Multi-node (multiple GPUs per node) training with model parallelism

I want to train a large network using model parallelism on multiple machines (multiple GPUs per machine),
for that I am following this article

This article doesn’t set up any multi machine cluster, so how will it train on multiple machines? Also I am not able to understand following terms in my scenario,

world size
process group

I have already installed NCCL in all nodes. How can I make it work?

This is good place to start:

The example script and README show how to setup multi-node training for ImageNet. You may also want to try out PyTorch Lightning which has a simple API for multi-node training:

1 Like

If you want to explore model parallelism in a distributed environment, you need to use Distributed RPC framework.

The tutorial page of DDP + RPC can be found here:

This example is perfect. Though will it work with model parallelism?

That example shows how to use DDP on multiple nodes, but model parallelism requires RPC in PyTorch.

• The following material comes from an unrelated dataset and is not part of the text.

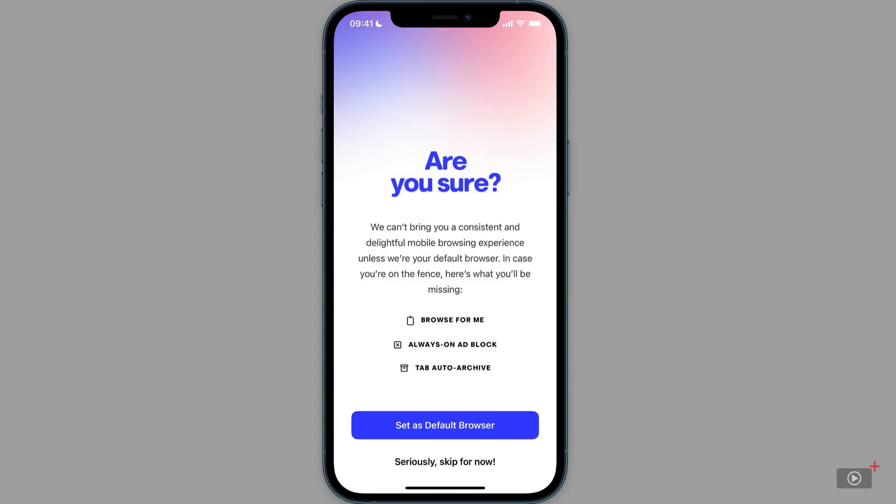And they are quite insistent that you should use it as your default browser. But I would suggest that you get used to it first before you do that. Some of the features it mentions here. Browse for Me, I've just mentioned.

In conclusion, single machine model parallelism can be done as shown in the article I listed in my question, multi node training without model parallelism (with DDP) is shown in the example listed by @conrad & multi node training with model parallelism can only be implemented using PyTorch RPC. Is it right @wayi ?

You are totally right!

RPC is the only way to support model parallelism in PyTorch distributed training. There may be some higher level APIs in the future, but they are all RPCs under the hood.